Exercise description: Show each line of the records in which the word "will" occurs.
◇ ◇ ◇
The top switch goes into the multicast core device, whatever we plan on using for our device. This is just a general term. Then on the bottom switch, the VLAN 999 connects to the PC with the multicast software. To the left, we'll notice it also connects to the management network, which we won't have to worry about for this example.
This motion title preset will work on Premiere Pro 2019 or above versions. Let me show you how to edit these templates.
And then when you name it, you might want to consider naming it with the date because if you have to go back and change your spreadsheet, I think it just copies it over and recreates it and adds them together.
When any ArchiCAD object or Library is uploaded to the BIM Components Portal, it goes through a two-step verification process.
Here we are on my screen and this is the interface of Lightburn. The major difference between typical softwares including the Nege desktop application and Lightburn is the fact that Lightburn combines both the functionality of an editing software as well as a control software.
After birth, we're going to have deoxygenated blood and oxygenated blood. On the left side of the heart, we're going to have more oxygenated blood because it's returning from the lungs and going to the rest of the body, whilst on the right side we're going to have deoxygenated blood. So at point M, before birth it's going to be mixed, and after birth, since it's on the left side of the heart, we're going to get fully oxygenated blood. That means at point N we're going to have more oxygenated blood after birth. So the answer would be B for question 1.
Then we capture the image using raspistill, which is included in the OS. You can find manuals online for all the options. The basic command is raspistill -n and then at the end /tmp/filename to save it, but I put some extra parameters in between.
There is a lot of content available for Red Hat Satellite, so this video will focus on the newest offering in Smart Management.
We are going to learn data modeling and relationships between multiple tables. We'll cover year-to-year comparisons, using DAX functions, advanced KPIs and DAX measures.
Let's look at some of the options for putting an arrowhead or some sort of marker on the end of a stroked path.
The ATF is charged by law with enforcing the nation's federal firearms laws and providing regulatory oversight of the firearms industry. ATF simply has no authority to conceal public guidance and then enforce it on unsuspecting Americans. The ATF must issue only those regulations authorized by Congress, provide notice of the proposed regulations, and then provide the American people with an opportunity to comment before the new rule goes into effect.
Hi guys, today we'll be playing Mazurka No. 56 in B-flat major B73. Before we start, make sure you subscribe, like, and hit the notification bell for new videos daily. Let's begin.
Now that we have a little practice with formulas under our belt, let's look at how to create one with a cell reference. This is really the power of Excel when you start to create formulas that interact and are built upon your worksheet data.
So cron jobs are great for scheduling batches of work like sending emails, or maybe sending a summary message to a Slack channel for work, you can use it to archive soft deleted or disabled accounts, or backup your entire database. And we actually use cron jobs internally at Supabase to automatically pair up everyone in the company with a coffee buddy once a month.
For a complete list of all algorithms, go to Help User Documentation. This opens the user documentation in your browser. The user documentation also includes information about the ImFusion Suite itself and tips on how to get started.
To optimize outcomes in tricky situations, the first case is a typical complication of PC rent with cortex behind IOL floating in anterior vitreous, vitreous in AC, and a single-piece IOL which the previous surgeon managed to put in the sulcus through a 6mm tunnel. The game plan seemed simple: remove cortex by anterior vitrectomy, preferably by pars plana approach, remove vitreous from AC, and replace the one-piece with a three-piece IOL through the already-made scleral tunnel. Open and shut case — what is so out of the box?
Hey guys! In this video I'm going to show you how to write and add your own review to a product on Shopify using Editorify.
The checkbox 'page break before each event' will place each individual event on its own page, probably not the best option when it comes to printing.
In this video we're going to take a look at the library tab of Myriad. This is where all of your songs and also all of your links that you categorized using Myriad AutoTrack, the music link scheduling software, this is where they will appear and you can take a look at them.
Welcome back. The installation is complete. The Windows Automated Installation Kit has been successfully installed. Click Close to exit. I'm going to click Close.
◇ ◇ ◇
Answer below:
This motion title preset will work on Premiere Pro 2019 or above versions. Let me show you how to edit these templates.
There is a lot of content available for Red Hat Satellite, so this video will focus on the newest offering in Smart Management.
The checkbox 'page break before each event' will place each individual event on its own page, probably not the best option when it comes to printing.
In this video we're going to take a look at the library tab of Myriad. This is where all of your songs and also all of your links that you categorized using Myriad AutoTrack, the music link scheduling software, this is where they will appear and you can take a look at them.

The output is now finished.